But in Serbia tabloids speak of a "shameless" event

05 August, 18:43
(ANSA-AFP) - ZAGREB, 05 AGO - Croatia's top ethnic Serb official joined a ceremony Wednesday marking the 25th anniversary of a military victory that ended the country's independence war, setting a rare tone of reconciliation on a day normally charged with tension. Deputy Prime Minister Boris Milosevic is the first ethnic Serb political representative to attend the annual memorial for the "Operation Storm" offensive, in which Croatian troops reclaimed territory held by rebel Serbs during the 1991-95 independence war. While Zagreb celebrates the day as a victorious moment of liberation, Belgrade mourns the fate of ethnic Serbs who were killed or fled Croatia in the aftermath of the offensive. In Croatia this year, a small olive branch was extended as the Serb minister joined other top officials at a ceremony which began at a fortress in Knin, where the names of nearly 200 fallen soldiers were read. Milosevic, whose grandmother was killed in the wake of the offensive, wrote on Facebook the "time has come for the politics of understanding and of respecting each other to defeat the politics of hatred".
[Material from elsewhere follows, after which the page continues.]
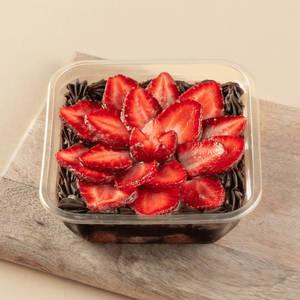 Traditional Chocolate Strawberry Gateau - Delforme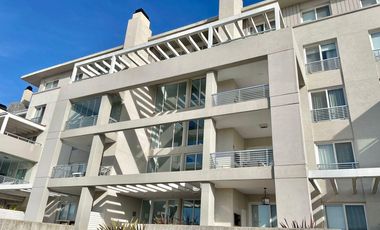 Departamento en venta  4 amb PB  3 dormitorios suite  contra frente Costa Esmeralda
The gesture was symbolic of the Croatian government's pledge to improve still fragile relations with ethnic Serbs, who make up some 4.5 percent of the 4.2 million population. It will "send a new message for Croatian society, relations between Croatians and Serb minority ... between Croatia and Serbia," said Prime Minister Andrej Plenkovic. Yet the move was met with backlash across the border in Serbia, where pro-government tabloids attacked the Serb politician as "shameless". (ANSA-AFP).